Since the Ukraine crisis, NATO has been monitoring airspace over the Baltic states, which is regularly violated by Russia. In Ämari, Estonia, the British Air force is set to take over from Spain. Volker Witting reports.
Winter in Estonia was hard for Spanish Air Force Officer Francisco Elias Entrialgo. Back home at this time of year it's a sunny 25 degrees Celsius, which stands in stark contrast to conditions at the Estonian Ämari air base, where the buds on the trees are struggling to open in temperatures of around eight degrees.
In a hangar, Estonian and Spanish soldiers are working together to pack the last lot of boxes earmarked for transportation. "Mission accomplished", says Entrialgo with a smile. He, his 120 comrades and four Eurofighters belonging to the Spanish Air force are clearing out to make space for the Brits poised to take assume responsibility for air surveillance over the Baltic Sea.
An advance party of British soldiers has already arrived and four Eurofighters are due in the coming days. It is all part of a NATO Air Policing mission that has so far also seen Danish and German pilots at the controls.
"It is our job to observer Russian aircraft that have not identified themselves correctly," deputy commander of the air base, Estonian Lieutenant Colonel Ülar Lohmus said. "Russian planes often don't have their tracking systems on or might not even be equipped with transponders." In those instances, NATO planes get as close as they can and take photos of them or if they are violating Estonian air space over the Gulf of Finland, push them back.
"Aggressive and unpredictable"
It has not happened as much recently as it did in the early days of the mission, which began in 2014. The mission is clearly working, yet Russian air force planes still intentionally provoke the NATO defense teams.
"Our pilots can even wave at the Russian pilots," Entrialgo said. There were ten such cases in the four months the Spanish squadron was there. The planes get within a couple of hundred meters of each other, which is a dangerous situation given that both the NATO aircraft and Russian jets are often armed.
Estonian Prime Minister Taavi Roivas describes his Russian neighbor's behavior as "aggressive and unpredictable." Speaking at a press conference, he said Estonians were "both grateful and proud to be taken seriously as NATO partners."
He added that NATO Air Policing in Estonia proves the alliance has not forgotten its outermost eastern members. "It feels good to be under the NATO umbrella in these times of crisis."
An air force in the making
The country's own air force is not yet one to be reckoned with. With some two percent of the GDP going on national defense, Estonia is ahead of the other Baltic states, but it is not enough for fighter jets and a well-oiled air force.

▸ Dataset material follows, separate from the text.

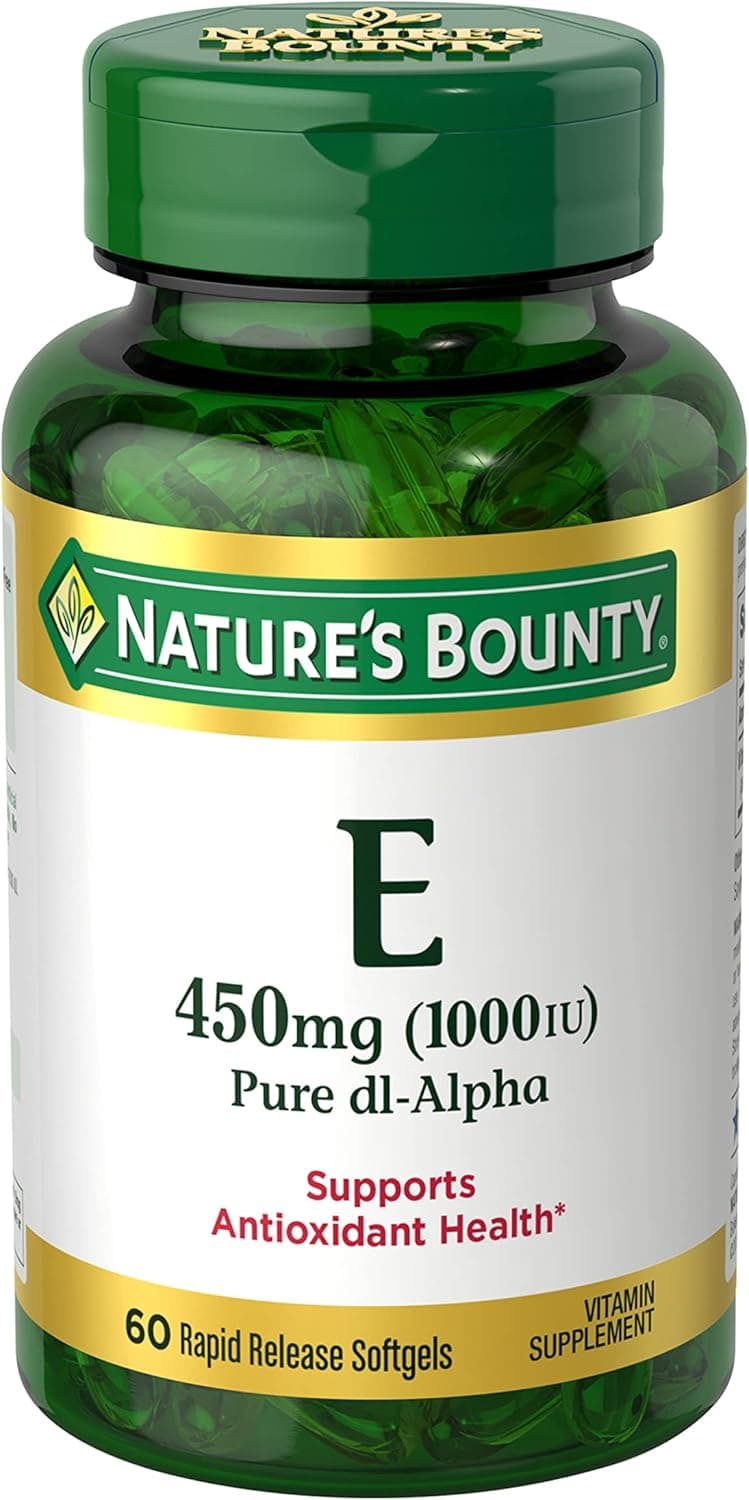 Nature's Bounty Vitamin E 1000 IU Softgels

It provides its NATO allies with the air base. The hangars at Ämari accommodate a couple of Estonian training planes, helicopters, two Antonovs and even an ancient biplane. Having other members of the alliance stationed locally is a plus for the country's own troops.

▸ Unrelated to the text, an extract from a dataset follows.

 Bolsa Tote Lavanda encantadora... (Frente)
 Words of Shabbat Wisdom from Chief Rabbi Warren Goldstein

"We have learned a lot from the NATO soldiers that have been here so far," Lohmus says in reference to the Danish, German and Spanish forces who have taken part in the mission to date.
"Cold week" in spring
It is quiet on the tower of the air base at the moment. Estonian pilots drink coffee and eat cake as they watch the airfield on their computers. It is a "cold week", in which other NATO quick reaction forces have taken over the armed surveillance mission. The skies over the Baltic have been monitored from Lithuania since 2004.
A Spanish jet has just landed, and reports back to the tower with the news of no major incidents. For Francisco Elias Entrialgo's troops and his Spanish comrades it was the last sortie from the Estonian base. On 5 May, their British counterparts will take over, until September, when German pilots return.
And all things being equal, even Entrialogo and his troops will be back. Maybe then they will get lucky with the weather.